Guipuzcoa Natural Reserves
Aitzgorri is about to be declared a Natural Park. This Park contains the highest massif in the Basque Country and is called after the peak of the same name. This natural vantage point with peaks of over 1000 m is formed by the Aitzgorri, Elgea, Urkilla mountain ranges and the Altzaina mountains. Some of its most important natural features include its geology (the carbonated nature of its materials that have given rise to a wide range of different morphologies), the variety of its vegetation, etc.
To the east, the crests of the mountains fall vertically towards Zegama, bathed by the river Oria, and merge towards the west with the open fields of the Campas de Urbía, “the paradise of the Basque Country”, where a large number of dolmens scattered all over the valley bear witness to the presence of prehistoric man in this area. Nowadays, the Campas de Urbía are dotted with modest shepherds' huts.
Aitzgorri is the most visited summit in this mountain range and can be climbed from the Sanctuary of Arantzazu or from the village of Zalduendo in Alava. Nearby you will find the caves or "tunnel" and medieval roadway of San Adrián, used by pilgrims making their way along the Camino de Santiago (Way of Saint James).
Aiako Harria Natural Park
The Aiako Harria Natural Park is located on the foothills of the Pyrenees, in the eastern part of the province of Guipúzcoa.

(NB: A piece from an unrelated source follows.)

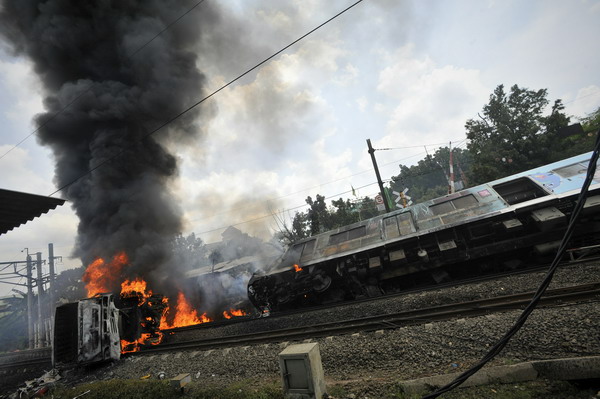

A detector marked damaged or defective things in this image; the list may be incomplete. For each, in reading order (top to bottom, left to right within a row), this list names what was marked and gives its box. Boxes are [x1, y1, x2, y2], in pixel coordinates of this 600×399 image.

burnt metal panel [0, 190, 66, 236]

It includes a Palaeozoic massif containing outcrops of the oldest materials in the Basque Country. Eruptions of volcanic rock metamorphosised the Palaeozoic materials on the surface and today, erosion has revealed the vivid granite mass of Aiako Harria. This singular arrangement of layers of different materials represents one of the geological marvels of the Basque Country.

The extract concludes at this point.